● **EXERCISE DIRECTIONS**
All of the data should be output character for character, except the pictures.

● **MATERIALS PROVIDED**

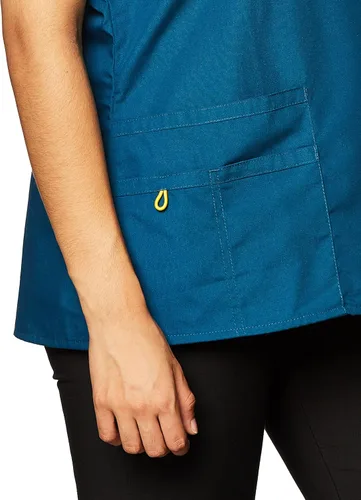Vista 2 de WonderWink Charlie Uniformes médicos de 5 bolsillos, con cuello en Y para mujer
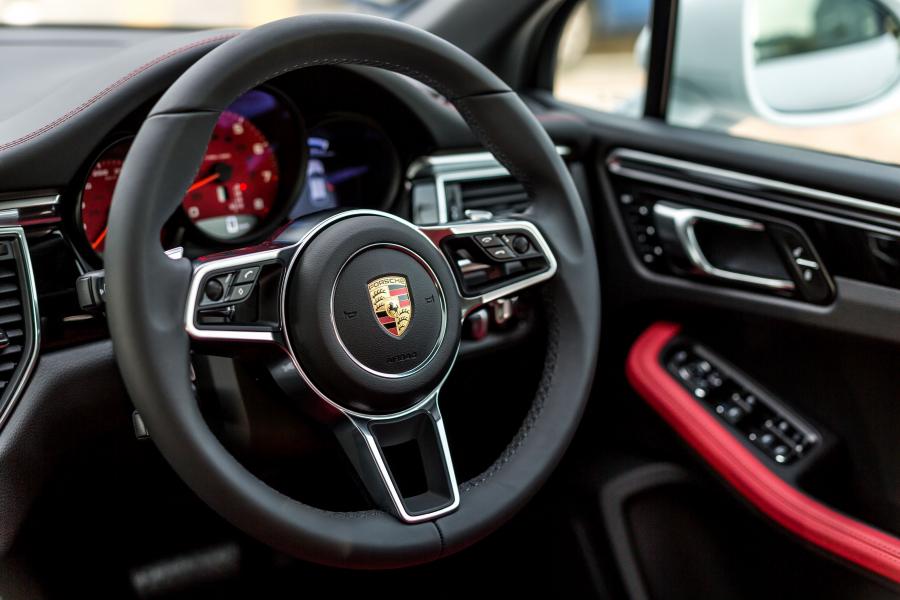 Интерьер Porsche Macan SportDesign Package (95B) 2016 года  (MY) (фото 6 из 40)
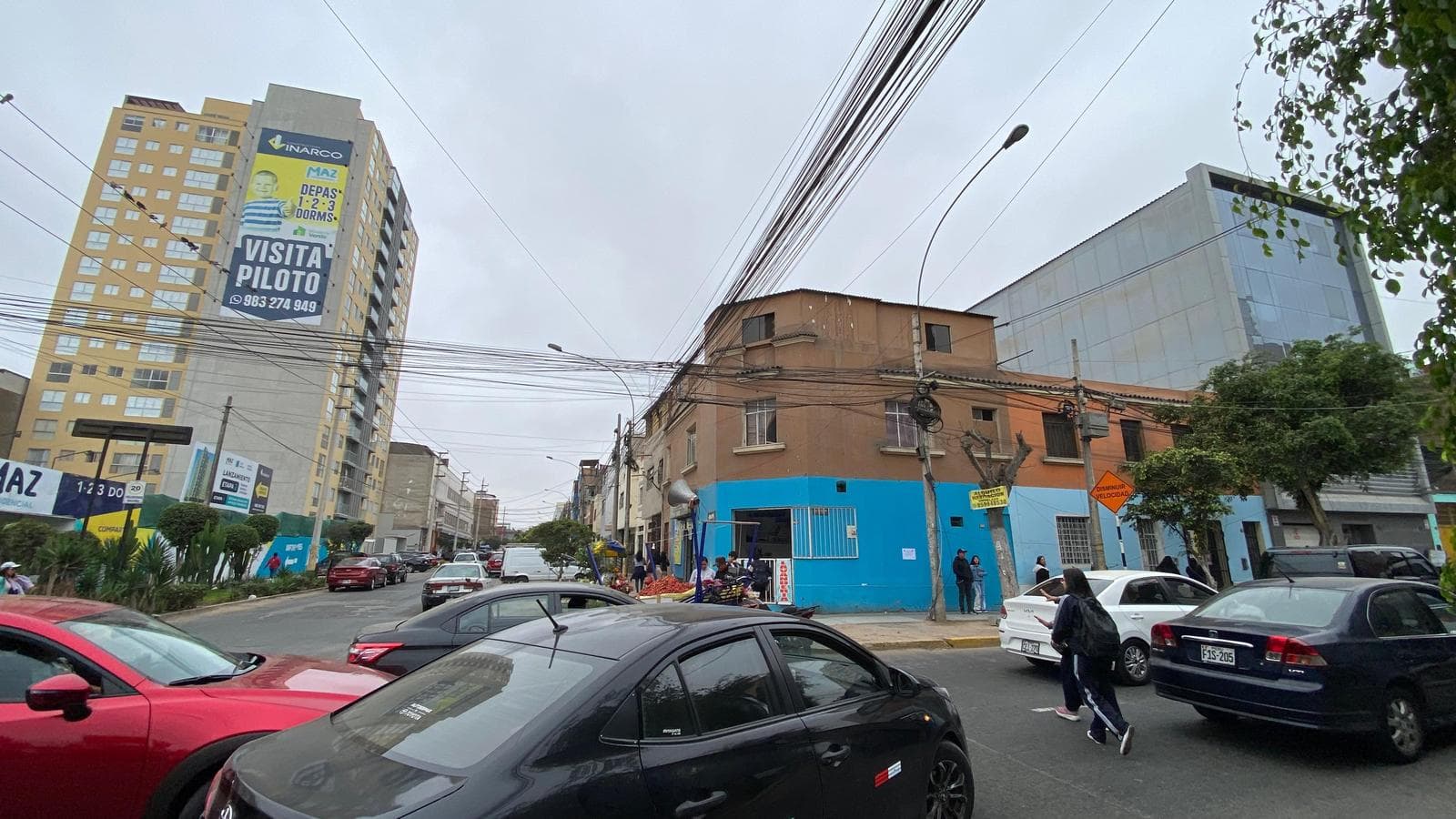 Local en Breña, Fernandini esquina con Castrovirreyna, frente a Mercado alto transito. - 1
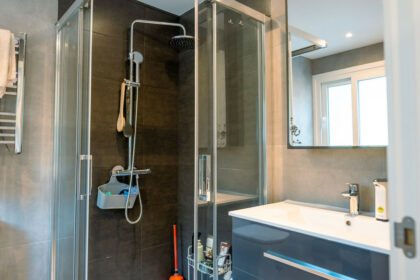 7e08091ada4d9040791396bc92c00932 - 13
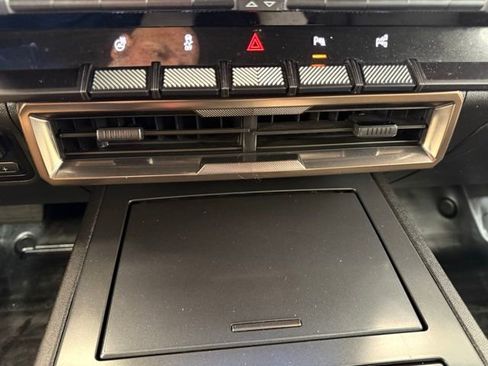 Used 2024 GMC Hummer EV 2X w/ LPO, Illumination Package AWD/4WD image 39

● **RESULT OF THIS TASK**
Vista 2 de WonderWink Charlie Uniformes médicos de 5 bolsillos, con cuello en Y para mujer
 Интерьер Porsche Macan SportDesign Package (95B) 2016 года  (MY) (фото 6 из 40)
 Local en Breña, Fernandini esquina con Castrovirreyna, frente a Mercado alto transito. - 1
 7e08091ada4d9040791396bc92c00932 - 13
 Used 2024 GMC Hummer EV 2X w/ LPO, Illumination Package AWD/4WD image 39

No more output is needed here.